──────── Provided records ────────
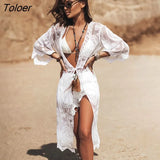 Bohemian Sexy Beach Bikini Cover Up Tunic Pareo Crochet Lace Women 2023 Summer Holiday Swimwear Sunscreen Cardigan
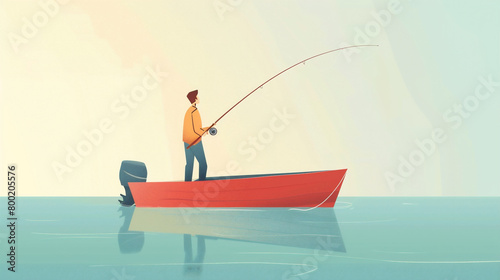 Man fishing from a boat. Flat modern illustration on white background. Perfect for banners, posters, websites, and more. Copy space for text.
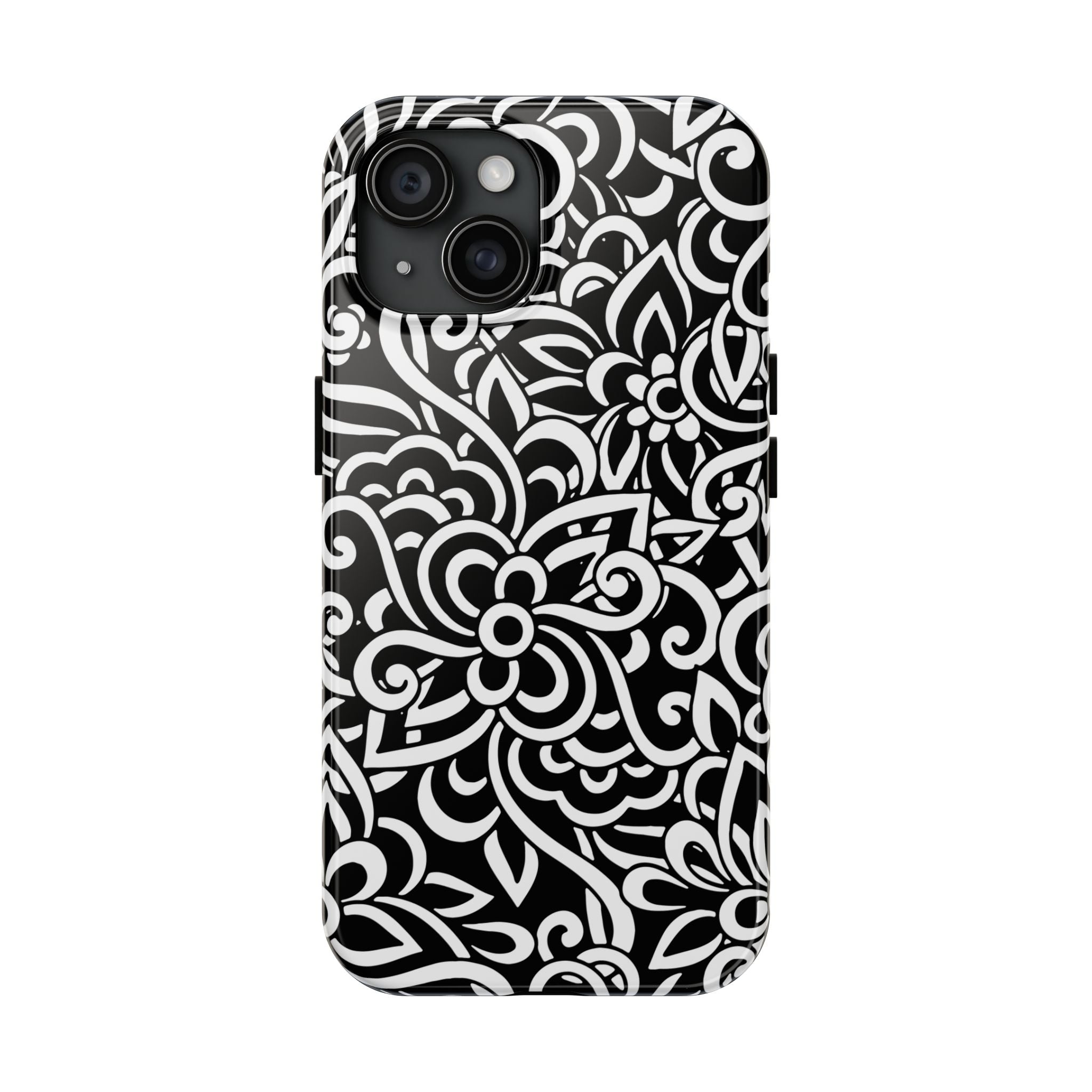 iPhone Samsung Floral Lace Tough Phone Case — Black & White Protective iPhone Cover #8594775703735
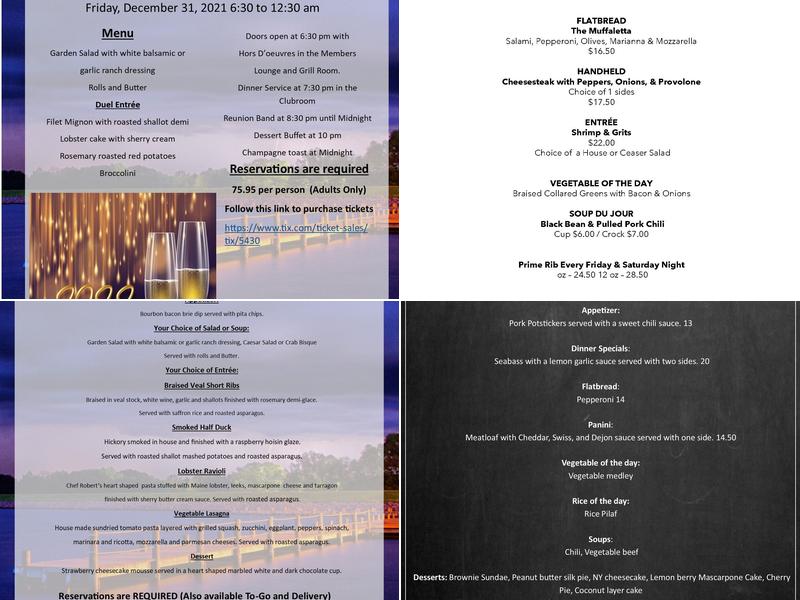 Lake of the Woods Clubhouse Menu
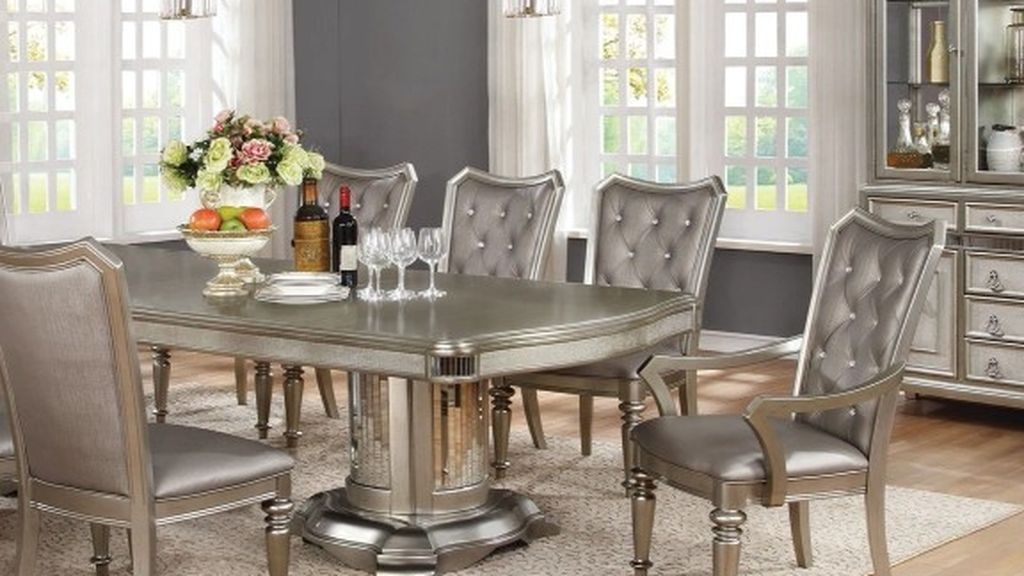 Danette Metallic Seven-piece Double Pedestal Dining Set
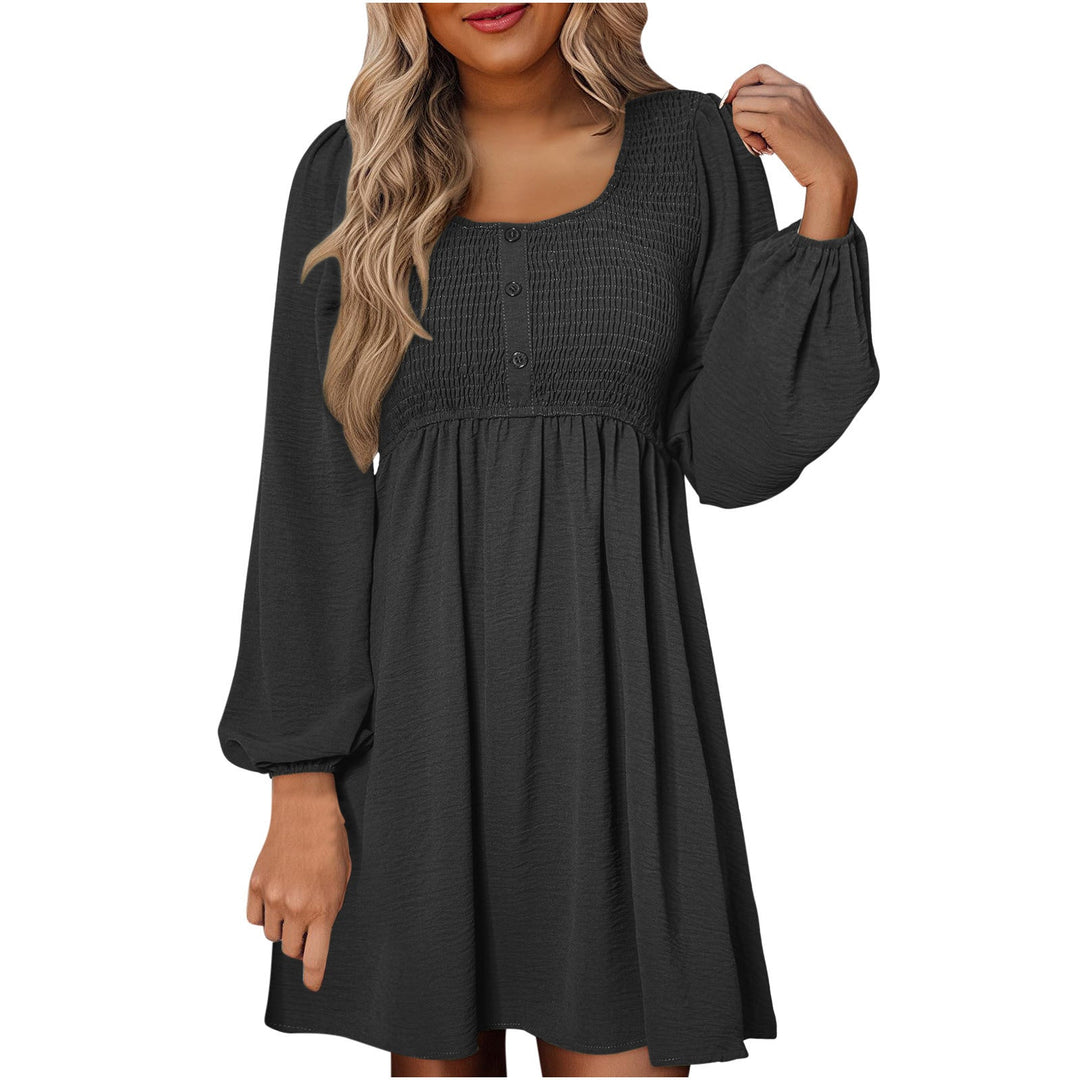 Duttini | Timeless Smocked Empire Waist Long Sleeve Mini Dress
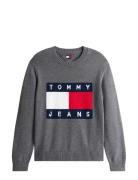 Tommy Jeans Tjm Reg Melange Flag Sweater Grå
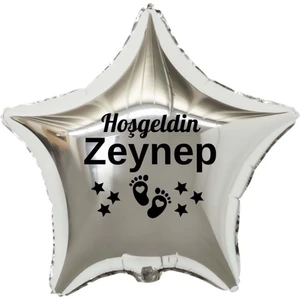 Organizasyon Pazarı 18 inç Gümüş Renk Yeni Doğan Kişiye Özel Hoşgeldin Bebek Yazılı Ayak Figürlü Yıldız Folyo Balon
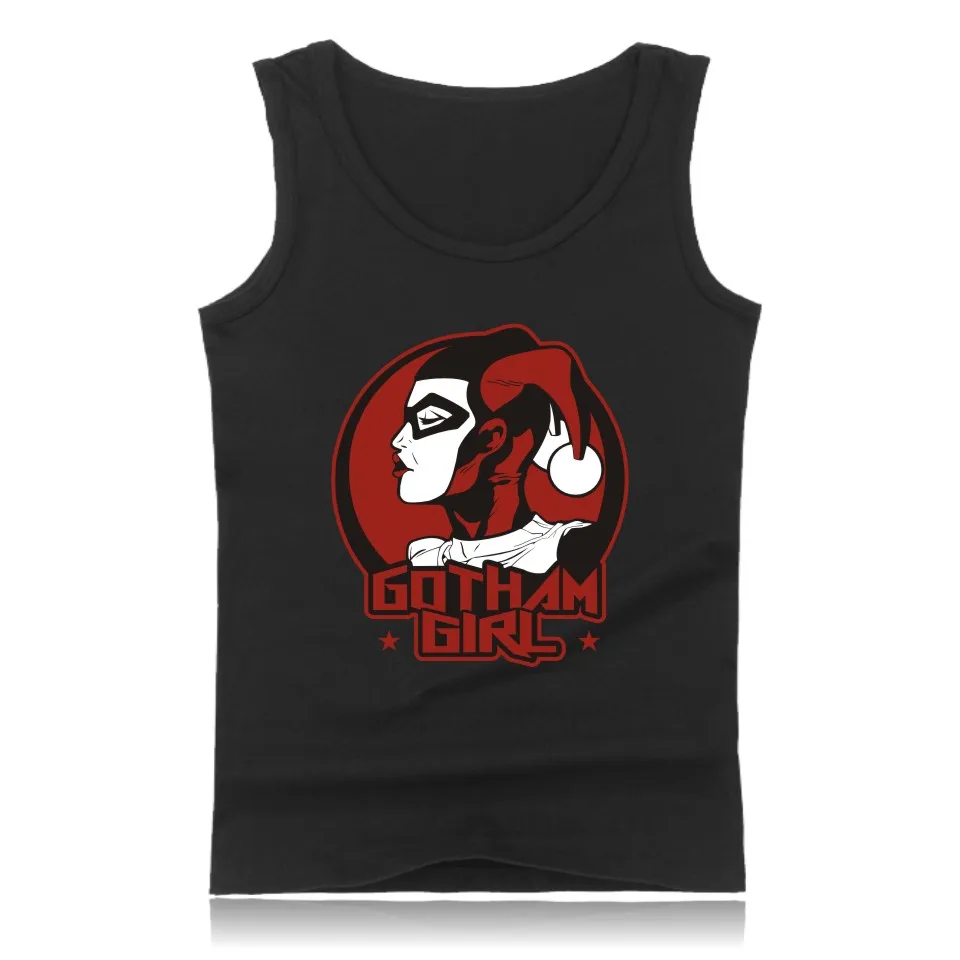 Anime Suicide Squad Harley Quinn Tank Top Men Fitness and Sleeveless Bodybuilding Shirt in 4XL Clothing Summer Vests | Мужская одежда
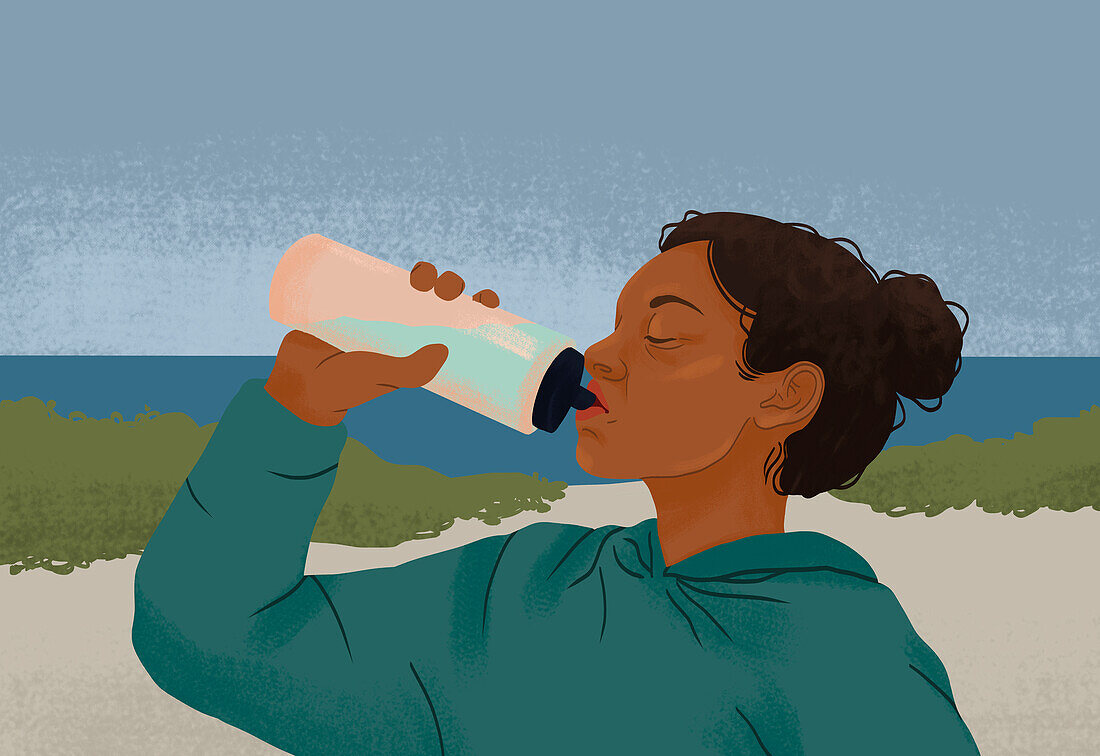 Woman drinking from water bottle, illustration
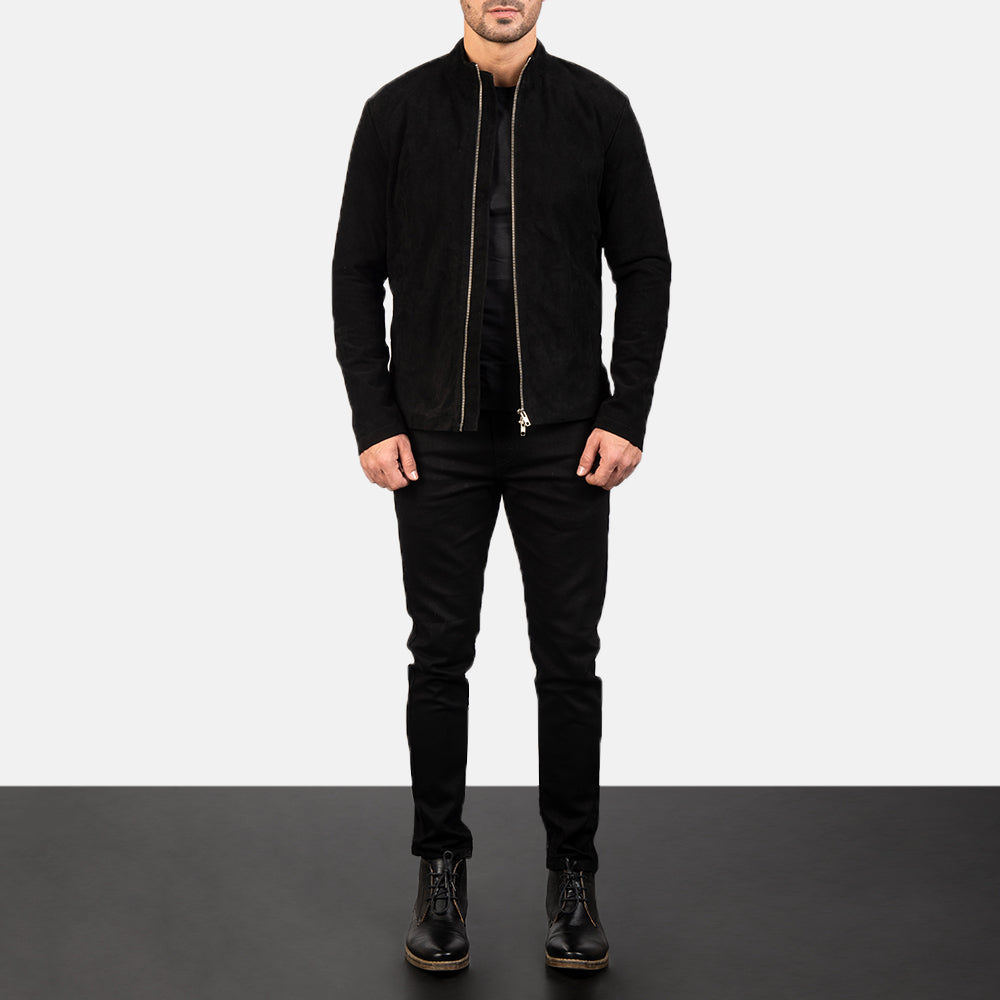 Men's Charcoal 黑色 Suede 真皮机车夹克 男士 - Lateral Side Profile View Showing Sleeve Cut &amp; Athletic Taper Fit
────────
Exercise directions:
Skip the pictures and retype exactly the lines from the one that contains "Duttini | Timeless" to the last line of the records.

Response to this exercise:
 Duttini | Timeless Smocked Empire Waist Long Sleeve Mini Dress
 Tommy Jeans Tjm Reg Melange Flag Sweater Grå
 Organizasyon Pazarı 18 inç Gümüş Renk Yeni Doğan Kişiye Özel Hoşgeldin Bebek Yazılı Ayak Figürlü Yıldız Folyo Balon
 Anime Suicide Squad Harley Quinn Tank Top Men Fitness and Sleeveless Bodybuilding Shirt in 4XL Clothing Summer Vests | Мужская одежда
 Woman drinking from water bottle, illustration
 Men's Charcoal 黑色 Suede 真皮机车夹克 男士 - Lateral Side Profile View Showing Sleeve Cut &amp; Athletic Taper Fit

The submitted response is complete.